We live in an older building that was remodeled by the hands of an amateur with the direction of his expert Father in law and friends. I am surprised I still have friends and that my father in law still speaks to me. It couldn't have been easy. Still, with our very limited budget which consisted of "what can we scrounge?", to say it could still stand some improvement would be an understatement. One area is insulation. We have serious drafts. So besides the loss of heat and the expense, there is another equally disturbing problem. All the rodents in the surrounding area recognize a nice warm possible home. I have two cats. I have many mouse traps but now the rabbits and squirrels are getting into the act. One of my two cats is quite adept at catching all of the above, however neither cat could be called perfect at killing what they catch. I have had at least one squirrel living in my attic for some time. I just didn't realize that said squirrel is indeed the leader of the gang. He has the mice doing his bidding.
I have a furnace/hot water heater/ storage area. It shares a wall with my bedroom. I have heard the parties the rodents throw. Deciding that the squirrel must be the first to go (thereby confusing all of his underlings), My wife bought me a set of traps. Live traps. She's soft hearted, and hey, I'm not crazy about the mess, so okay; live traps it is. They came as a set with one large enough for a large cat for small lap dog, one that would be the right size for the squirrel and a larger one for say a family of four to live in when they give up their house to the rodents...
I followed the directions, (I'm secure enough in my manhood to read directions before I mess things up. It doesn't prevent me from messing up it just gives me a ready excuse.) I baited with peanuts and set the trigger.
The next day I check the trap to find the peanuts gone and the trap unsprung. No squirrel. No mice. No peanuts. I don't believe the trap is functioning properly. (I come to this conclusion because there is no squirrel in it. Clever aren't I?) So, I tinker. I reset the trap. Same results. Only now when I lay down to bed at night, I am sure I can hear tiny squirrel laughter somewhere.
More importantly is that my wife is getting tired of their late night parties. This was evidenced by my wife coming home the other day with bonafied rat traps. These are not mice traps. They just smash your finger if you set them wrong. No, these are spring loaded RAT traps. They will take your whole hand should you place it where you shouldn't. Evidently my wife had taken the proverbial gloves off. There was no more being humane. I have to say, I'm no longer concerned about the mess either.
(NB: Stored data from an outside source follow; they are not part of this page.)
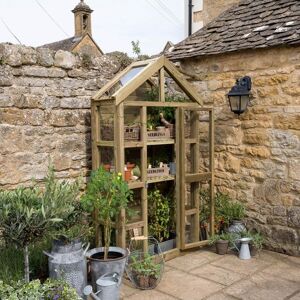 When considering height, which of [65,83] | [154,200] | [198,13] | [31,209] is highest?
[198,13]

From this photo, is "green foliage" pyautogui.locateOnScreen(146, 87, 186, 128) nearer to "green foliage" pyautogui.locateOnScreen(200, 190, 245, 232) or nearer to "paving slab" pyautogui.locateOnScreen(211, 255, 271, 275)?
"green foliage" pyautogui.locateOnScreen(200, 190, 245, 232)

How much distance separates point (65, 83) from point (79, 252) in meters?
1.99

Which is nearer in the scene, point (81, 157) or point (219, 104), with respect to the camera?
point (81, 157)

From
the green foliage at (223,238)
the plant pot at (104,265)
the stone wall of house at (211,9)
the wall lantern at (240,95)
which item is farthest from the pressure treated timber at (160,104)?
the stone wall of house at (211,9)

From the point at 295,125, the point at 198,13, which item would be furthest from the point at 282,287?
the point at 198,13

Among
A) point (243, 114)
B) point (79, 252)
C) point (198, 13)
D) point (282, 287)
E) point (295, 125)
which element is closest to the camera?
point (79, 252)

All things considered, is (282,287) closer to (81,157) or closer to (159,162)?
(159,162)

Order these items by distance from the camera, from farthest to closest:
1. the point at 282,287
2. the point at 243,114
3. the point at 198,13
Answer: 1. the point at 198,13
2. the point at 243,114
3. the point at 282,287

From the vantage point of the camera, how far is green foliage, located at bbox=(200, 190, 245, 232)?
17.4ft

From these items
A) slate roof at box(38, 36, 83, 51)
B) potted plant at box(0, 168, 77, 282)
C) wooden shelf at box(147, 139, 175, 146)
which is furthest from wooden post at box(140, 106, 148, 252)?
slate roof at box(38, 36, 83, 51)

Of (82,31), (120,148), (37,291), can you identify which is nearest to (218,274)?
(120,148)

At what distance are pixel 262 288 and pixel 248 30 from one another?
3381 millimetres

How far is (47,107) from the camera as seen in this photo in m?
4.47

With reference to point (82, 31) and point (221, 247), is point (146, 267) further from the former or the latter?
point (82, 31) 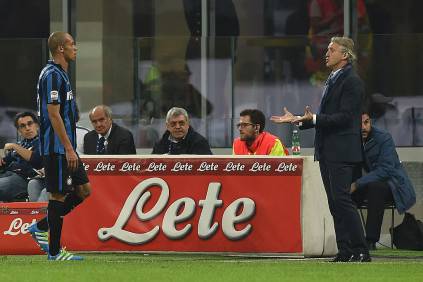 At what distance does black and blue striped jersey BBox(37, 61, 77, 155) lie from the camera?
39.8 feet

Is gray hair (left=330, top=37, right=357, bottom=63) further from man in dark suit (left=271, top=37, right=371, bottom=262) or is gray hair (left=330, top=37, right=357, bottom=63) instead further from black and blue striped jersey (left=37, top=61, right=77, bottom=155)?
black and blue striped jersey (left=37, top=61, right=77, bottom=155)

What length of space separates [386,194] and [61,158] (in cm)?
405

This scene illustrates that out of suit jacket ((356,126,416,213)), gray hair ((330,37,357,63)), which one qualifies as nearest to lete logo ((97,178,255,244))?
suit jacket ((356,126,416,213))

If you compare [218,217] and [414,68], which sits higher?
[414,68]

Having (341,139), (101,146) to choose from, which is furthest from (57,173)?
(101,146)

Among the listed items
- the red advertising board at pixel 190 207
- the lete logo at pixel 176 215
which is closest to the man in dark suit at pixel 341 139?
the red advertising board at pixel 190 207

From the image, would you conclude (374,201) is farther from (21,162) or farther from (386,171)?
(21,162)

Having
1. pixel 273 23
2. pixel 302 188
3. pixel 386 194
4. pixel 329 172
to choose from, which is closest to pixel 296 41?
pixel 273 23

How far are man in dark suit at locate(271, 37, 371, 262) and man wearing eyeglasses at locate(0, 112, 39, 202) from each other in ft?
13.5

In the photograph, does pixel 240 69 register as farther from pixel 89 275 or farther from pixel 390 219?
pixel 89 275

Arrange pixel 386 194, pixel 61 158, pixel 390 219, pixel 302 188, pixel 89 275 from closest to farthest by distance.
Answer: pixel 89 275
pixel 61 158
pixel 302 188
pixel 386 194
pixel 390 219

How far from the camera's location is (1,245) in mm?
14055

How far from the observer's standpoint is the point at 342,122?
39.7ft

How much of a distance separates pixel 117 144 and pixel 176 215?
1.68 metres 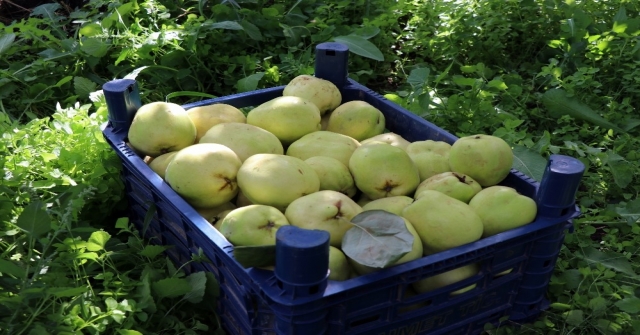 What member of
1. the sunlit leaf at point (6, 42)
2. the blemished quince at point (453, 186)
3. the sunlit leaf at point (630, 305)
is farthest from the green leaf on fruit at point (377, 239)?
the sunlit leaf at point (6, 42)

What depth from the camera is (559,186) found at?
1.83 m

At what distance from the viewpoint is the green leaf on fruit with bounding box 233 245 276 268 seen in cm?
153

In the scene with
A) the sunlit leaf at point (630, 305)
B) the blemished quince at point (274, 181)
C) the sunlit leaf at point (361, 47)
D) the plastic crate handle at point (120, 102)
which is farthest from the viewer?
the sunlit leaf at point (361, 47)

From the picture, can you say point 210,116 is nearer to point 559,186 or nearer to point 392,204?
point 392,204

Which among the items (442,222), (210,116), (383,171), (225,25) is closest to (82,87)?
(225,25)

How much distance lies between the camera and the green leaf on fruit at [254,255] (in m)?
1.53

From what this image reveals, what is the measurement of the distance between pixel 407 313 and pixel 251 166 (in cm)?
63

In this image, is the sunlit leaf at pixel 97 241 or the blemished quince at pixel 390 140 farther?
the blemished quince at pixel 390 140

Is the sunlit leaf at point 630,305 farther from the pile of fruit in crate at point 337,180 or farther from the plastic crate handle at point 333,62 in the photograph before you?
the plastic crate handle at point 333,62

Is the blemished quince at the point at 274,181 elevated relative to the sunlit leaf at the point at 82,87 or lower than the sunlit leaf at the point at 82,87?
elevated

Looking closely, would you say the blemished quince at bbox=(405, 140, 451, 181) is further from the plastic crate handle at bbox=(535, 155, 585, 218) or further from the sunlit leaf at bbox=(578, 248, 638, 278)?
the sunlit leaf at bbox=(578, 248, 638, 278)

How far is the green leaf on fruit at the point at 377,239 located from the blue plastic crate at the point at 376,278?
48mm

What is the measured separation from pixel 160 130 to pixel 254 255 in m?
0.80

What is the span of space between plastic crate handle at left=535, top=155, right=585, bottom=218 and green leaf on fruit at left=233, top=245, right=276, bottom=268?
2.73ft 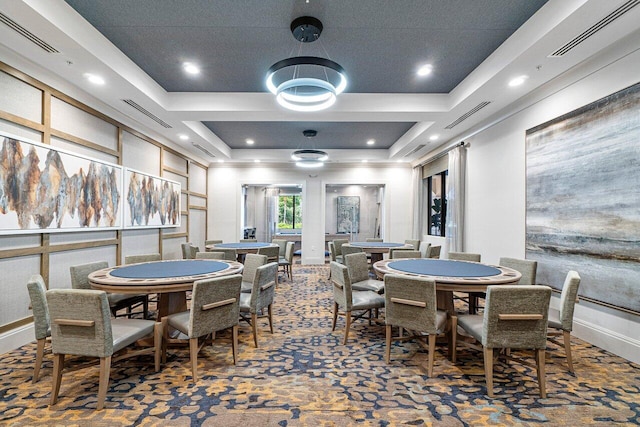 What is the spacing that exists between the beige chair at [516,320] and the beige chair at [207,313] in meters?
2.03

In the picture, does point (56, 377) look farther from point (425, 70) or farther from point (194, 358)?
point (425, 70)

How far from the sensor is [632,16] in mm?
2525

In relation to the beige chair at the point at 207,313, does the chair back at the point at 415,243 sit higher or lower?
higher

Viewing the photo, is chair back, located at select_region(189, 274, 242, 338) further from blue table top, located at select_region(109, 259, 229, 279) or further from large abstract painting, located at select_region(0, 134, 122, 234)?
large abstract painting, located at select_region(0, 134, 122, 234)

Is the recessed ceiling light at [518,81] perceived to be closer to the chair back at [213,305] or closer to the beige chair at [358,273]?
the beige chair at [358,273]

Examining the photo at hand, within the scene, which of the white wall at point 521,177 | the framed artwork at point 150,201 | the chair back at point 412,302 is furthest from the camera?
the framed artwork at point 150,201

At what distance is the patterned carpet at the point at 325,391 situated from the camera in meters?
2.04

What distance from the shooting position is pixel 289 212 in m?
12.8

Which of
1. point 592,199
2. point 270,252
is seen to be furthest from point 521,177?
point 270,252

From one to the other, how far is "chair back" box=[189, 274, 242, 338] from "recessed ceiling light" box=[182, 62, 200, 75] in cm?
288

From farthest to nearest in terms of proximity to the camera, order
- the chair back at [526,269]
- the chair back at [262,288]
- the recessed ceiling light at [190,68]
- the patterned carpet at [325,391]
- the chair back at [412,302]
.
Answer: the recessed ceiling light at [190,68] → the chair back at [526,269] → the chair back at [262,288] → the chair back at [412,302] → the patterned carpet at [325,391]

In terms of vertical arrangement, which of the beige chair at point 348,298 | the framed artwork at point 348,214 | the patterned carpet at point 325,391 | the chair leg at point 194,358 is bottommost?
the patterned carpet at point 325,391

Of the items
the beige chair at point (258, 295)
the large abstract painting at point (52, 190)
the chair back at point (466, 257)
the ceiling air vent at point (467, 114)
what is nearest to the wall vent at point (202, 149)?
the large abstract painting at point (52, 190)

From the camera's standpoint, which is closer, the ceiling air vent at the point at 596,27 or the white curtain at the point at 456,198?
the ceiling air vent at the point at 596,27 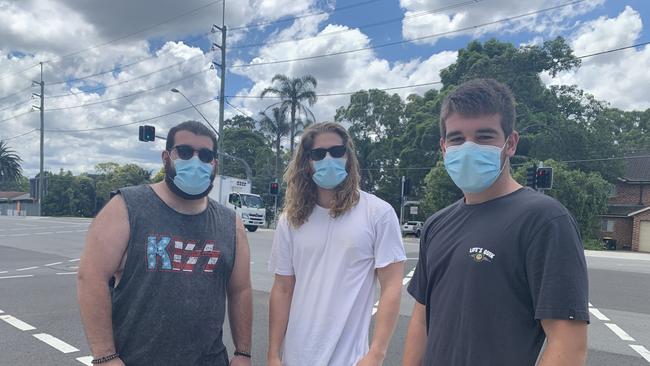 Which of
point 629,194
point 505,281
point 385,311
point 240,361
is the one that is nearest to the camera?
→ point 505,281

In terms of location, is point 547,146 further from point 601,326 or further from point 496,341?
point 496,341

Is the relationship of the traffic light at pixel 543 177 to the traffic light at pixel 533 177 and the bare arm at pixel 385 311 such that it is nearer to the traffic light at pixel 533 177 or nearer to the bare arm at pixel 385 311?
the traffic light at pixel 533 177

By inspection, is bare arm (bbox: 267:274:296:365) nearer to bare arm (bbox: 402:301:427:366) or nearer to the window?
bare arm (bbox: 402:301:427:366)

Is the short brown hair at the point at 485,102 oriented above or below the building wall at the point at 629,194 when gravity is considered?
above

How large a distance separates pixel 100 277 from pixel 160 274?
0.26 meters

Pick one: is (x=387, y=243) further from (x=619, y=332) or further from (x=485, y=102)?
(x=619, y=332)

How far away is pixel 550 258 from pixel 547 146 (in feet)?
119

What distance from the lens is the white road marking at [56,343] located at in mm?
5309

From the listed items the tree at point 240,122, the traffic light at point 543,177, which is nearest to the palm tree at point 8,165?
the tree at point 240,122

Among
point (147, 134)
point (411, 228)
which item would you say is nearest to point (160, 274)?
point (147, 134)

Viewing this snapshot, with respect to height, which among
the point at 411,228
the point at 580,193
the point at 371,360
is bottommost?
the point at 411,228

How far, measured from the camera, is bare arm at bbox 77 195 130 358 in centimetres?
213

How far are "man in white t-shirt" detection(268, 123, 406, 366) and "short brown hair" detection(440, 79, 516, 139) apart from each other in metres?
0.71

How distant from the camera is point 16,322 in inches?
255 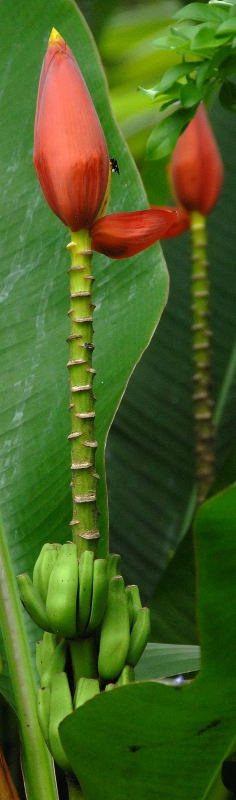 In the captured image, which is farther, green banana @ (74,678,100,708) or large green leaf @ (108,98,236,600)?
large green leaf @ (108,98,236,600)

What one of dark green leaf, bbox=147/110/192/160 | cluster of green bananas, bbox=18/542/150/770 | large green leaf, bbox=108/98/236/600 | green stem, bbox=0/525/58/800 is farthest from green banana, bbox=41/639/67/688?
large green leaf, bbox=108/98/236/600

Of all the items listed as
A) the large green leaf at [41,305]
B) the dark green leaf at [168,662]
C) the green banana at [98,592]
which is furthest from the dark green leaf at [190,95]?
the dark green leaf at [168,662]

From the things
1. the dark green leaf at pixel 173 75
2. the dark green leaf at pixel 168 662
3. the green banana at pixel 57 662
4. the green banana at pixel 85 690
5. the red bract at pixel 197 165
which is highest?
the red bract at pixel 197 165

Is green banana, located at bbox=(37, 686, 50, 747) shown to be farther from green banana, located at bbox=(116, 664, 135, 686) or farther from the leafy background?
the leafy background

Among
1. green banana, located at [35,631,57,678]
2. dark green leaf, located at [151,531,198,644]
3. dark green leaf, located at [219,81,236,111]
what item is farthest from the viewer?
dark green leaf, located at [151,531,198,644]

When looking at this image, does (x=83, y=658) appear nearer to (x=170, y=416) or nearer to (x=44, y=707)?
(x=44, y=707)

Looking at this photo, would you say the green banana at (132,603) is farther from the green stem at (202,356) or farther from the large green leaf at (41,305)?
the green stem at (202,356) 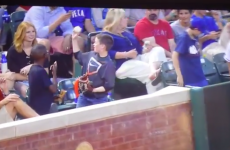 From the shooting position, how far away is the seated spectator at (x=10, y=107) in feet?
7.39

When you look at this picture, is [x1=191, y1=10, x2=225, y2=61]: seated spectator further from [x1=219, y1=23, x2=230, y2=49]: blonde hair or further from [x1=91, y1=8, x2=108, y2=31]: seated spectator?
[x1=91, y1=8, x2=108, y2=31]: seated spectator

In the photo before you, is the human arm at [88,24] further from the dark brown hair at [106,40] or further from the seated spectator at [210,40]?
the seated spectator at [210,40]

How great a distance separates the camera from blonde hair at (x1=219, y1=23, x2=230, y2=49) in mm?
3248

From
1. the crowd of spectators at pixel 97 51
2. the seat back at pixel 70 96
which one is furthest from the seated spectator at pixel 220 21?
the seat back at pixel 70 96

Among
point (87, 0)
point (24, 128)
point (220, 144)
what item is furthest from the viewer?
point (220, 144)

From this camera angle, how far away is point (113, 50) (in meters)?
2.69

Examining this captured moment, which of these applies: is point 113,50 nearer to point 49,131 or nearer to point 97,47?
point 97,47

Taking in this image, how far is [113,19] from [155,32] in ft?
1.01

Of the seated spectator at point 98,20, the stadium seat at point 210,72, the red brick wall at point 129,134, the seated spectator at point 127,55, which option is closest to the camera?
the red brick wall at point 129,134

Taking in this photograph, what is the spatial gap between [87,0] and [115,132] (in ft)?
5.73

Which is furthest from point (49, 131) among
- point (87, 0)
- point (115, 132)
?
point (87, 0)

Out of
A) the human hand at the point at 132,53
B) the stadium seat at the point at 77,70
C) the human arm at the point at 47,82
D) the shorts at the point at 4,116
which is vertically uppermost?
the human hand at the point at 132,53

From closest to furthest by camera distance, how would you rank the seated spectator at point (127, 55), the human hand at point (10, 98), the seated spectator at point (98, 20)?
1. the human hand at point (10, 98)
2. the seated spectator at point (127, 55)
3. the seated spectator at point (98, 20)

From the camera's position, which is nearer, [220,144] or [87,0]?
[87,0] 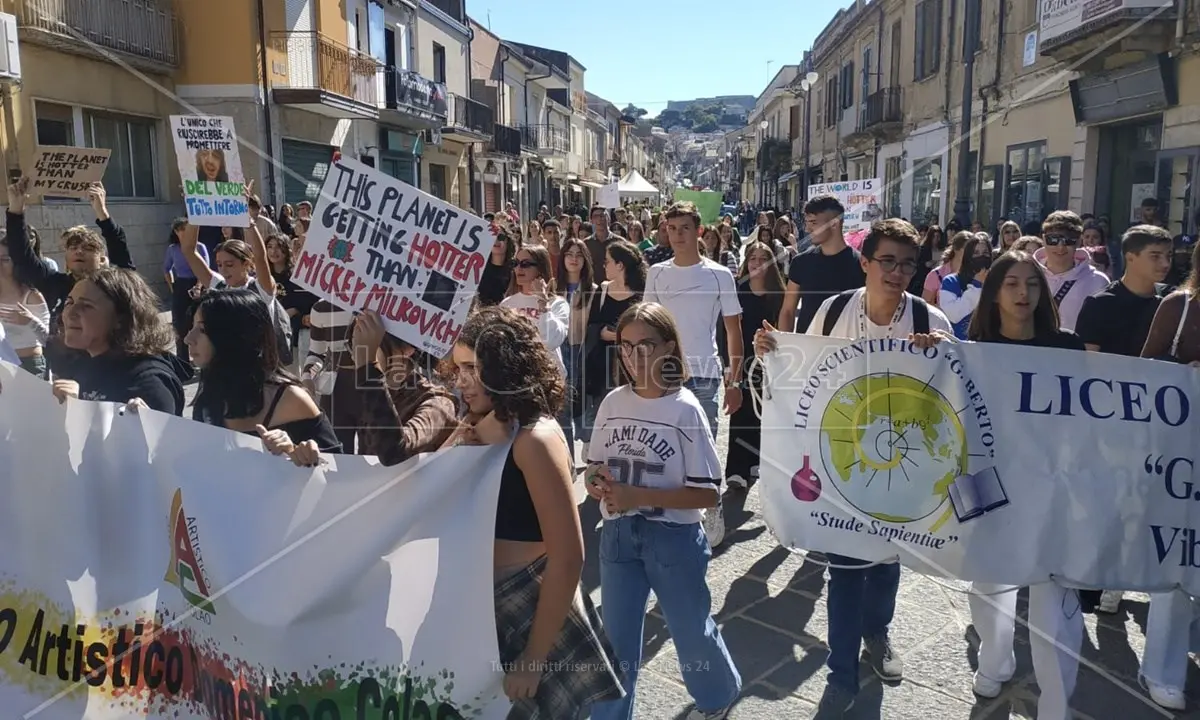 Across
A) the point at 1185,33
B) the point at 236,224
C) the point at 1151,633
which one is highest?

I tinker more with the first trap and following the directions, I set the one of the two rat traps next to the live trap and the other rat trap I put just inside the attic access door in the pile of old nut shells I found there. I figure it must be their dining room table. This time I used peanut butter.
The next morning I check the furnace room traps and both traps look new. They cleaned the peanut butter from the trap sets so well I couldn't tell there was ever any peanut butter there. I took a broom handle and tripped the rat trap. It flew across the room!
All I can figure is the small mice must be clearing the traps and taking a share to the squirrel.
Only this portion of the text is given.